------ Dataset extract

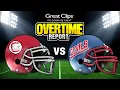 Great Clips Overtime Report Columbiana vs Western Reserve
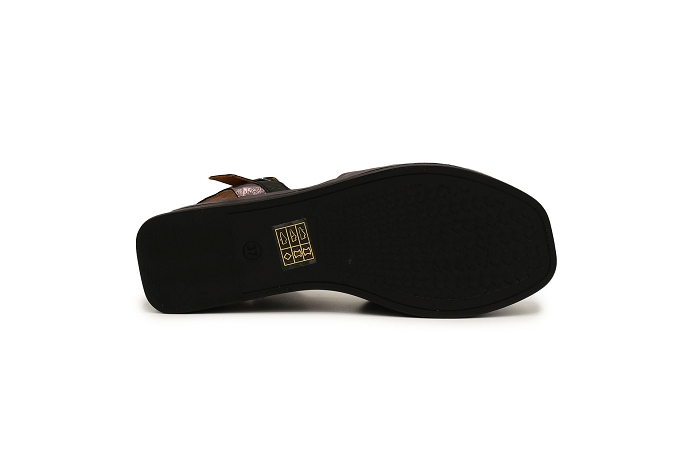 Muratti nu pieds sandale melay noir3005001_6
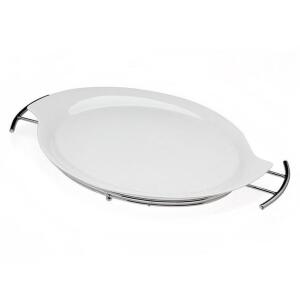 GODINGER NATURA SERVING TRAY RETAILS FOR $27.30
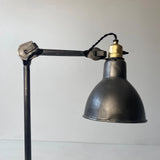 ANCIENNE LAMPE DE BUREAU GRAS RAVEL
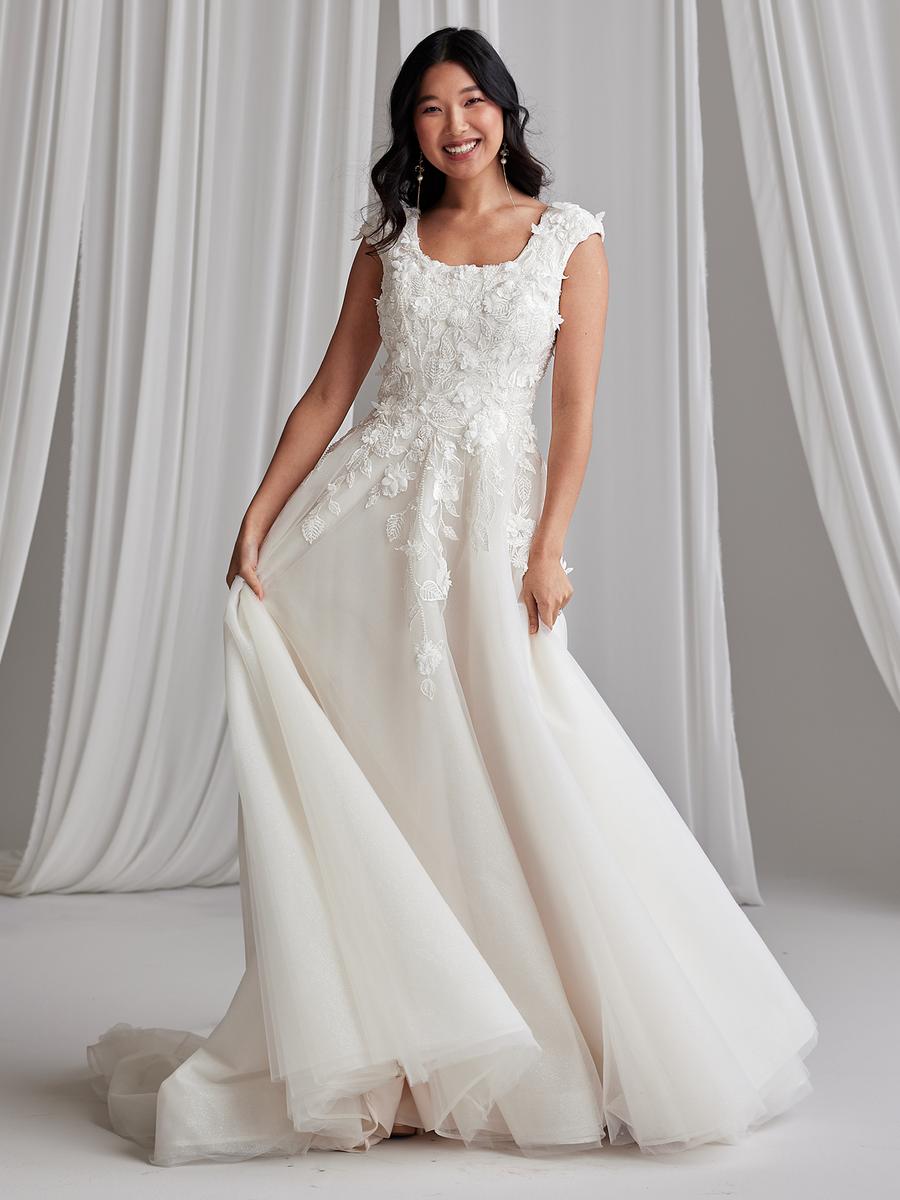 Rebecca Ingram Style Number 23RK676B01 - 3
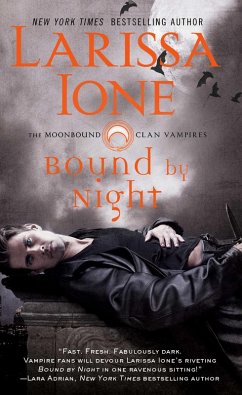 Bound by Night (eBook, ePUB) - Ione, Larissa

------------

What you should do —
Starting at the line that contains "ANCIENNE LAMPE DE BUREAU GRAS RAVEL" and ending at the final line of the data, reproduce each line exactly. Pictures stay out of the copy.

Solution for this task —
 ANCIENNE LAMPE DE BUREAU GRAS RAVEL
 Rebecca Ingram Style Number 23RK676B01 - 3
 Bound by Night (eBook, ePUB) - Ione, Larissa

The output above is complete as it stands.